Influencing is convincing the other party that swordfish is a better choice than fried chicken, even if fried chicken is what they want. It's also the ability to get things done through others. Influencing requires an understanding of the formal and informal structure of all the organizations involved in the project. Power and politics are techniques used to influence people to perform. Power is the ability to get people to do things they wouldn't do otherwise. It's also the ability to change minds and the course of events and to influence outcomes. 

6. Leadership Skills 

Leaders and managers are not synonymous terms. Leaders impart vision, gain consensus for strategic goals, establish direction, and inspire and motivate others. Managers focus on results and are concerned with getting the job done according to the requirements. 

Even though leaders and managers are not the same, project managers must exhibit the characteristics of both during different times on the project. Understanding when to switch from leadership to management and then back again is a finely tuned and necessary talent. 

7. Team-Building and Motivating Skills 

Project managers will rely heavily on team-building and motivational skills. Teams are often formed with people from different parts of the organization.

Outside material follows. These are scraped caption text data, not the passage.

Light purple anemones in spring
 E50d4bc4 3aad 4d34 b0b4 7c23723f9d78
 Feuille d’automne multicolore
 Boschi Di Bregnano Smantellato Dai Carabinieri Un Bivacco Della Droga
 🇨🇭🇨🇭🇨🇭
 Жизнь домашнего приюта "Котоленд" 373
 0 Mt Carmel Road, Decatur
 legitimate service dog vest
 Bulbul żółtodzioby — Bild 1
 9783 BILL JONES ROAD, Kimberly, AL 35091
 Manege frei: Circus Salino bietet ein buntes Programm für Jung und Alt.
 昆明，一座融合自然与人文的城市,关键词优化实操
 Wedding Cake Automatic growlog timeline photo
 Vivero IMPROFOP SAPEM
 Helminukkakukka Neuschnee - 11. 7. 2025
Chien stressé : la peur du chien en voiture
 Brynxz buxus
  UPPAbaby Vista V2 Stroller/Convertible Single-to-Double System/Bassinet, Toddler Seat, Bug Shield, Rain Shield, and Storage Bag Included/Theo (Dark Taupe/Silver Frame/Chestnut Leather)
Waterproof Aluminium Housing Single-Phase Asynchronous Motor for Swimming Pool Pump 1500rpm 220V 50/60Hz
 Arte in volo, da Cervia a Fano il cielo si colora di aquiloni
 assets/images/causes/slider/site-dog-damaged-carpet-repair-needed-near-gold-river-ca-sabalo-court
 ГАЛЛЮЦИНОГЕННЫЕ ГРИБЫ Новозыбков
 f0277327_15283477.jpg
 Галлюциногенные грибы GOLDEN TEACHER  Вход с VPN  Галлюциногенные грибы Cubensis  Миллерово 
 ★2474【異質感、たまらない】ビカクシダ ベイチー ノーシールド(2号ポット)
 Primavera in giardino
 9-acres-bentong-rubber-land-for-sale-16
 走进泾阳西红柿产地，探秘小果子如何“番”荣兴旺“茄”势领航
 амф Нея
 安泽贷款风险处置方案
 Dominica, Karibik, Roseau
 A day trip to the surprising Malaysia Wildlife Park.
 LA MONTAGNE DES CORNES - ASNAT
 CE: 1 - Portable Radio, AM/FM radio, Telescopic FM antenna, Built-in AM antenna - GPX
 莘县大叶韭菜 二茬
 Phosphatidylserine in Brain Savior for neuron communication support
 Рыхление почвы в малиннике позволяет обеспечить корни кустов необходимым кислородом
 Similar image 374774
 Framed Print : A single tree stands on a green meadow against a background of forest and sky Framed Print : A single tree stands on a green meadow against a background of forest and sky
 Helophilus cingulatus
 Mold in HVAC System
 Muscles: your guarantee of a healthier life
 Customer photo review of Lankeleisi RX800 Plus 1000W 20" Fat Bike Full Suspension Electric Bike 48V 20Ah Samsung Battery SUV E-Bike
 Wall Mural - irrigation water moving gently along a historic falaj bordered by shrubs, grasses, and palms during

These people might or might not have worked together before, so some component of team-building groundwork might involve the project manager. The project manager will set the tone for the project team and will help the team member's work through the various stages of team development to become fully functional. Motivating the team, especially during long projects or when experiencing a lot of bumps along the way, is another important role the Project manager fulfills during the course of the project.


An interesting caveat to the team-building role is that project managers many times are responsible for motivating team members who are not their direct reports. This has its own set of challenges and dilemmas. One way to help this situation is to ask the functional manager to allow you to participate in your project team members' performance reviews. Use the negotiation and influencing skills I talked about earlier to make sure you're part of this process.


Without the above required skills managing a project is almost not possible. So, every individual who wants to become a successful Project Manager should master the above all skills.